In the heartbreaking interview, the family tell the full story of their loss on camera for the first time. During the film, the family reveal that Lisa, Saffies mother, sustained life-threatening injuries, which saw her in hospital for three months. Throughout that time, Saffie’s father Andrew and their son Xander remained with Lisa in hospital and, upon her discharge, never returned to their family home.
In the film, Andrew Roussos told Panorama it was too hard to go back to that home without Saffie, “Me and Lisa couldn’t face what we had as a family,” he said. However, despite moving to a new home, there is a room dedicated to Saffie in their new Dorset house. “Everything in the room is what she knew, that she’d seen,” Lisa said. “That’s what we wanted. We didn’t want anything changing. She’s here with me, and I wouldn’t want her anywhere else,” she continued.
As a result of the incident’s ongoing review, new information about Saffie’s death has surfaced.
Saffie’s family initially believed she had been killed instantly. However, a recent report revealed that she actually lived for over an hour following the explosion. This has cast new questions regarding the care Saffie received in the minutes and hours following the incident.

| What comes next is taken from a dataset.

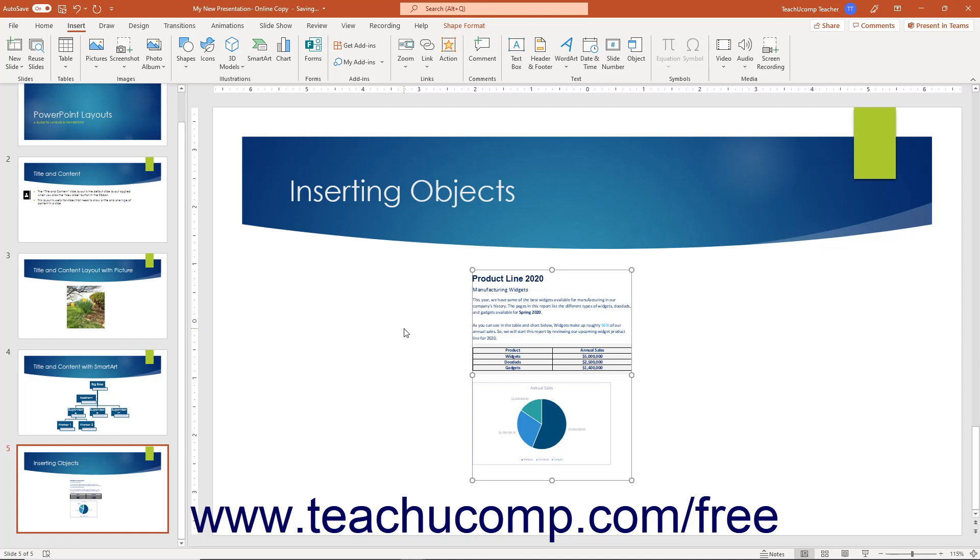For linked objects, ensure the program used to display the linked information is on the computer from which you give the presentation. So, for example, if you embed a Word document, make sure Word is installed on the computer from which you are giving the presentation. If you link the file, then also make sure the file itself is in its same linked location, too.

Speaking of the new revelation, her father said, “Finding out exactly what happened is hard to take because you don’t want anyone to suffer, never mind your child.” He continued, “It does make you very angry and gets you very upset to know that that little girl did everything she could to keep herself going and the system failed her, and I want to get to the bottom of that.”
The documentary aired on March 7th at 8pm and is now available to view on BBC iPlayer.